Plugging in the definition yields \(\begin{equation} \log\mathcal{L}(\hat\theta;x_1,...,x_n)=\log\prod N(f_{\hat\theta}(x_i),\sigma^2) = \sum_i\log N(f_{\hat\theta}(x_i),\sigma^2) \end{equation}\)
As we assumed gaussian errors we get \(\begin{equation} \sum_i\log f_{\hat\theta}(x_i) = \sum\limits_{i=1}^n \log\left(\frac{1}{\sigma\sqrt{2\pi}}e^{-\frac{(y_i-f_\theta(x_i))^2}{2\sigma^2}}\right). \end{equation}\)
Here, \(\sigma\) and \(\mu\) are the parameters of the Gaussian model, variance and the mean respectively. Simplifying further yields the following.
\[\begin{equation} \sum\limits_{i=1}^n \log\left(\frac{1}{\sigma\sqrt{2\pi}}e^{-\frac{(y_i-f_\theta(x_i))^2}{2\sigma^2}}\right) = -n \log(\sigma\sqrt{2\pi}) -2\sigma^2 \sum\limits_{i=1}^n (y_i-f_\theta(x_i))^2. \end{equation}\]Thus, in summary: \(\begin{equation} \log\mathcal{L}(\hat\theta;x_1,...,x_n)= -n \log(\sigma\sqrt{2\pi}) -2\sigma^2 \sum\limits_{i=1}^n (y_i-f_\theta(x_i))^2. \end{equation}\)

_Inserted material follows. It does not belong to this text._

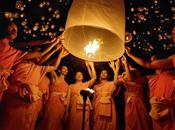 grande spettacolo delle lanterne Thailandia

As the first part only depends on \(\sigma\) it is now pretty obvious that the last part is maximal if the residual sum of squares \(RSS(\theta)=\sum\limits_{i\in I} (y_i-f_\theta(x_i))^2\) is minimal. But when the RSS is minimal then we retrieve the same parameters as with the least squares method.